After all these preliminaries, we now proceed to a different side of the picture presented by the General.

In the same ‘Views’ (the 29th October, 1860), he says that, ‘From a knowledge of our Southern population it is my solemn conviction that there is some danger of an early act of rashness preliminary to secession, viz., the seizure of some or all of the following posts:—Forts Jackson and St. Philip, in the Mississippi, below New Orleans, both without garrisons; Fort Morgan, below Mobile, without a garrison; Forts Pickens and McRea, Pensacola harbor, with an insufficient garrison for one; Fort Pulaski, below Savannah, without a garrison; Forts Moultrie and Sumter, Charleston harbor, the former with an insufficient garrison, and the latter without any; and Fort Monroe, Hampton Roads, without a sufficient garrison. In my opinion all these works should be immediately so garrisoned as to make any attempt to take any one of them by surprise or coup de main ridiculous.’

It was his duty, as commanding general, to accompany this recommendation with a practicable plan for garrisoning these forts, stating the number of troops necessary for the purpose; the points from which they could be drawn, and the manner in which he proposed to conduct the enterprise.

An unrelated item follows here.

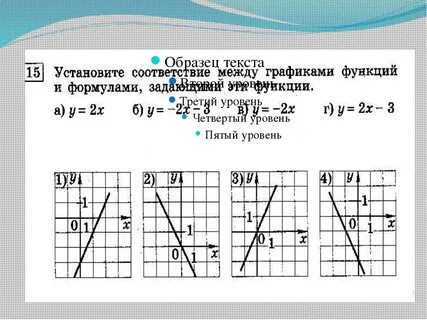Соответствие коэффициентов и графиков линейных функций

Finding this to be impossible, from the total inadequacy of the force within the President's power to accomplish a military operation so extensive, instead of furnishing such a plan he absolves himself from the task by simply stating in his supplemental views of the next day (30th October) that ‘There is one (regular) company at Boston, one here (at the Narrows), one at Pittsburg, one at Augusta, Ga., and one at Baton Rouge—in all five companies, only, within reach, to garrison or reenforce the forts mentioned in the “Views.” ’

Five companies only, four hundred men, to garrison nine fortifications scattered over six highly excited Southern States. This was all the force ‘within reach’ so as to make any attempt to take any one of them by surprise or coup de main ridiculous.